INFORMATION PROVIDED
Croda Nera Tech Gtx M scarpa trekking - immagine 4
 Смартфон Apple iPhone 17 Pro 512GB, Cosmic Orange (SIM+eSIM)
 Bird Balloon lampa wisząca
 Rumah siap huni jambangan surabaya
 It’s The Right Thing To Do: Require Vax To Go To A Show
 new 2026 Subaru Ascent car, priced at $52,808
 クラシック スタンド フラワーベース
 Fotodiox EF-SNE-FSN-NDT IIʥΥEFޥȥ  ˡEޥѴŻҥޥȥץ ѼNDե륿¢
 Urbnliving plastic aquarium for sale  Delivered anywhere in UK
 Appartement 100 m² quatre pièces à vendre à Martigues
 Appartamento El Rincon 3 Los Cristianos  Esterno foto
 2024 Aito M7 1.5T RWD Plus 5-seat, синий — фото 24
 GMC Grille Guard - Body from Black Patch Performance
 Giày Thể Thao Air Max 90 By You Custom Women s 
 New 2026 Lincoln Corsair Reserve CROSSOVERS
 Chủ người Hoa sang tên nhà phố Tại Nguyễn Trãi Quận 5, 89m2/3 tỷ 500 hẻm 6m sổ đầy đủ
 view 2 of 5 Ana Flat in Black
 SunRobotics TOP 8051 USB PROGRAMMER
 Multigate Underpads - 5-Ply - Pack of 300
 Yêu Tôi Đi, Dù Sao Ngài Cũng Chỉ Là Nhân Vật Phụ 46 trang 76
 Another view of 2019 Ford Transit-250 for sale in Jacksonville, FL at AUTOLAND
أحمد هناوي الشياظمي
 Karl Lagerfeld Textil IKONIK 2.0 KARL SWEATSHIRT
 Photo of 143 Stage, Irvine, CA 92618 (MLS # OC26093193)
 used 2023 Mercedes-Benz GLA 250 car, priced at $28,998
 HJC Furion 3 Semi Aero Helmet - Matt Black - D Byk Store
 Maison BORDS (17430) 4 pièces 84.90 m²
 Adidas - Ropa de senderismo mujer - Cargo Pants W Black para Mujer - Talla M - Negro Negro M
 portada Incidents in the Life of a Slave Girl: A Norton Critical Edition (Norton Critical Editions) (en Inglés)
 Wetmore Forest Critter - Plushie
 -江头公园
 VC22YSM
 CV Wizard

TASK INSTRUCTIONS
Of the lines in the data above, some may include the word "Black"; state how many, with no added words.

WRITTEN ANSWER
4